The natural question to ask is, doesn’t serverless compute already address this issue by letting the cloud service provider to run the autoscaling? The answer is of course quite subjective. According to CEP and cofounder Jeff Chou, serverless is more about convenience that efficiency.
But there is another part of the answer that is objective: not all cloud computing services are serverless, and Spark, Sync’s initial target, is in most cases currently only offered as a provisioned service. A few months back, Google Cloud launched serverless Spark, while Microsoft introduced serverless SQL pools for Azure Synapse (which allows query to external Spark tables) and Databricks offers a public preview.
We’ve railed about the issue of juggling cloud compute instances in the past. For instance, when we last counted a few years back, AWS had five categories of instances, 16 instance families, and 44 instance types – we’re sure that number is larger now. A couple years ago, AWS launched Compute Optimizer, which uses machine learning to identify workload patterns and suggested configurations. We haven’t come across similar offerings for other clouds, at least yet.
There’s an interesting back story to how Sync came up with Autotuner. It was the outgrowth of applying the Ising model to optimize the design of circuitry on a chip. Ising looks at the phase changes that occur within a system, which can apply to anything having to do with changing state – it could be the thermal state, or the phase change of a material, or the changes that occur at various stages of computations. And that’s where optimization of the cloud compute footprint comes in, for a specific problem – in this case, Spark compute runs.

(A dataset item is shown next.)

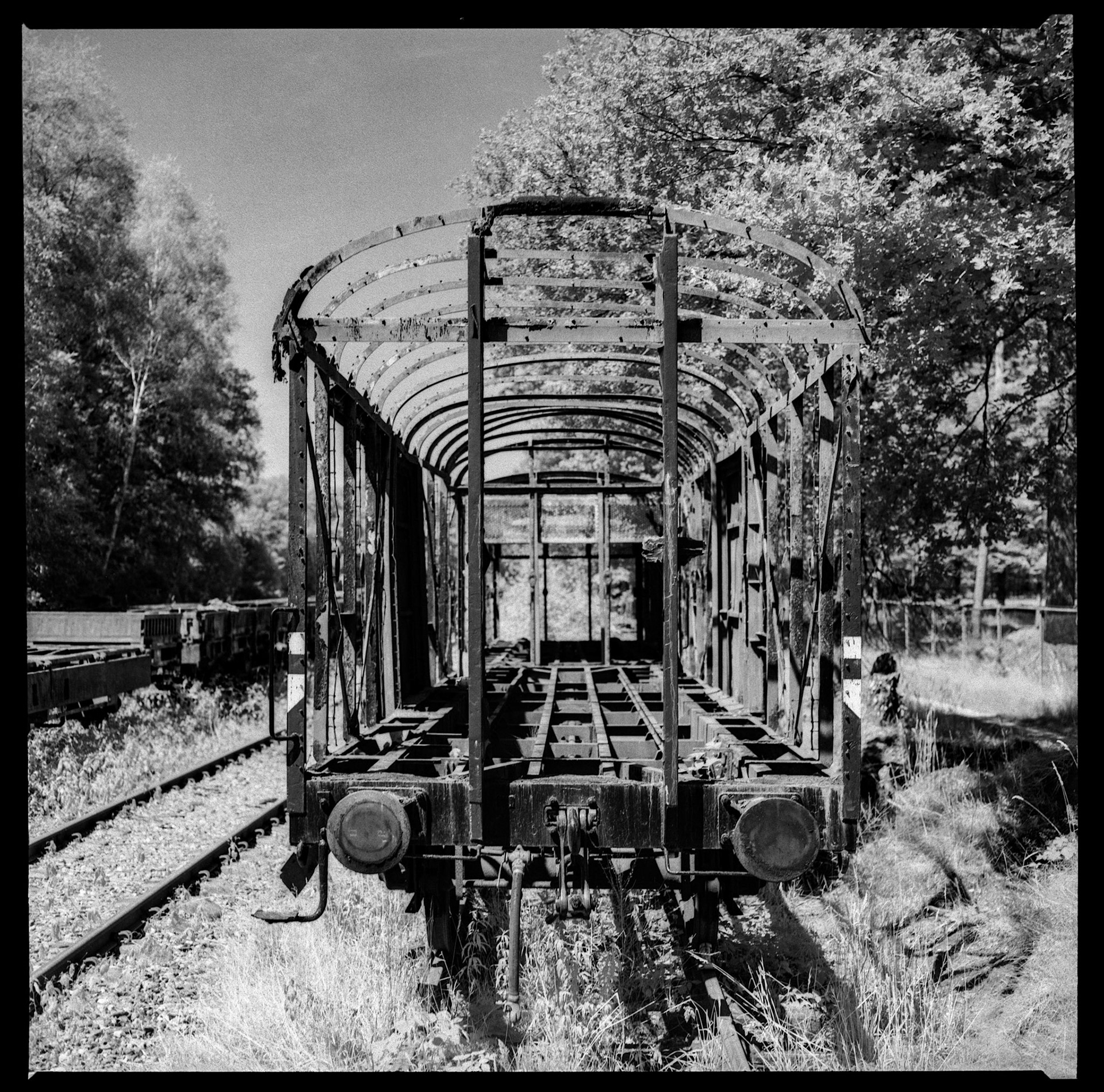 Abandoned train wagons - Kiev 88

With the company coming out of stealth, its offerings are work in progress. The basic pieces of Autotuner are in place – a customer can submit logs of its previous Spark compute runs and the algorithm will perform optimizations offering a choice of options: optimize for cost or optimize for performance; then the customer goes back. In many ways, it is akin to classic query optimizations for SQL. It currently supports EMR and Databricks on AWS. A reference customer, Duolingo, was able to cut its job cluster size by 4x and job costs in half.
Going forward, Sync Compute intends to upgrade Autotuner into an API that can work automatically; based on customer preferences, it would automatically resize the cluster. And then it intends to extend this to job scheduling and orchestration. Just as there are optimizations for compute instances, there are optimizations for scheduling a series of jobs, chaining jobs that would require the same compute footprint together.
Of course, with anything related to data, compute is not the only variable; the form of storage also factors in. But at this point, Sync Computing is targeting compute. And for now it is targeting Spark compute jobs on AWS, but there is no reason that the approach couldn’t be extended to Azure or Google Cloud, or applied to other compute engines, such as those used for neural networks, deep learning, or HPC. It’s a start.